Gordon Roberts and Walter Preston were both born in Orange. Mr. Roberts in the 1920s and Mr. Preston in the 1940s. They both had successful careers working with programs to support young people in Orange, Newark and other places. One of the common foundations they cite from their upbringing is the Oakwood Avenue “Colored” YMCA. The Oakwood YMCA and YWCA were both demolished by the construction of Interstate-280. Preston, Roberts, and many others from the historic African American community are very clear in their opinion that losing the Ys was among the most devastating impacts of I-280.
When discussing the YMCA, Walter Preston said, “280 destroyed our community. Point blank … it destroyed us as a people here.” The Oakwood YMCA and YWCA were the places to go. They had an adult section that the kids would dream to visit one day, there was a pool at the Y where for half the week the men could swim and the other half the women could swim. Preston explained “all the blacks were taught/made to swim, that was our thing, and you got to swim … It was a rite of passage.” Roberts remembers the recreation rooms, playing basketball and touch football. Mrs. Goldie Burbage would go to the YWCA for etiquette, singing, and dance classes. She also told a story of her group, “The Rebels” who wore red caps, plaid skirts, and red shoes, “we rebelled against everything our parents were involved in,” including the Ys.

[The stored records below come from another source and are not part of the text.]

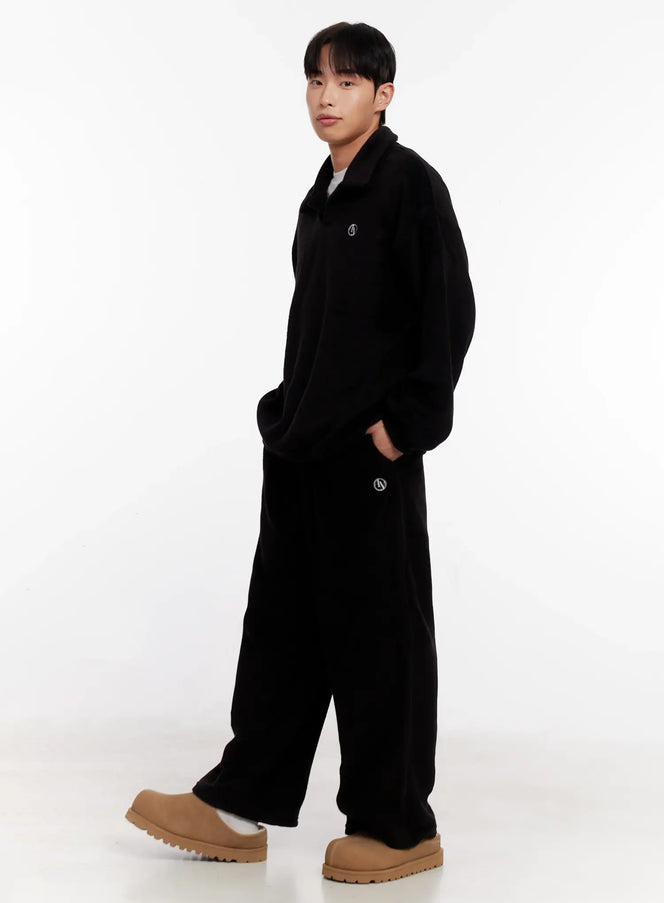 Men's Wide Leg Fleece Pants IO528 in black, three-quarter side view on model walking, full-length wide-leg fleece silhouette, LEWKIN logo embroidery, styled with matching black fleece top and tan boots.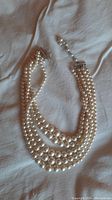 Five strand faux pearl necklace laid flat, showing the graduated sizes and clasp.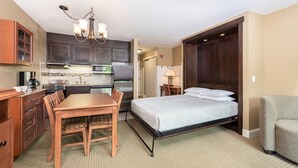 A compact hotel room with a kitchenette, a dining area, and a bed. - Deluxe Studio | Murphy Bed + Sofa (West Dover)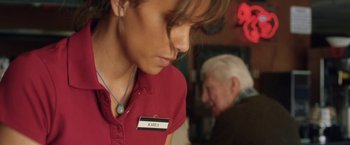 Movie still from “Kidnap” (2017), directed by Luis Prieto – A woman wearing a name tag in front of an older man; Close Up shot, High angle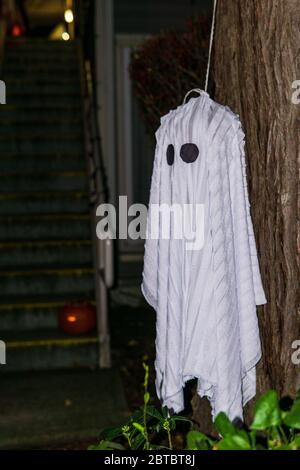 Weißer Geist hängt an einem Baum während eines Urlaubs für Halloween auf dunklem Hintergrund. Stockfoto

Losing the Ys was especially damaging because, according to Preston, “all of [the] leadership people came through that Y. All professional people, all the Doctors and Dentists were there.” At the YMCA young African Americans saw men dressed in ties and could see what successful people looked like and could learn from them. Roberts credits the relationships he built at the YMCA with his ability to attend Howard University on a scholarship provided by one of the community’s leading families. Losing the YMCA and YWCA meant losing access to community leaders since these adults left the community after 280 came through.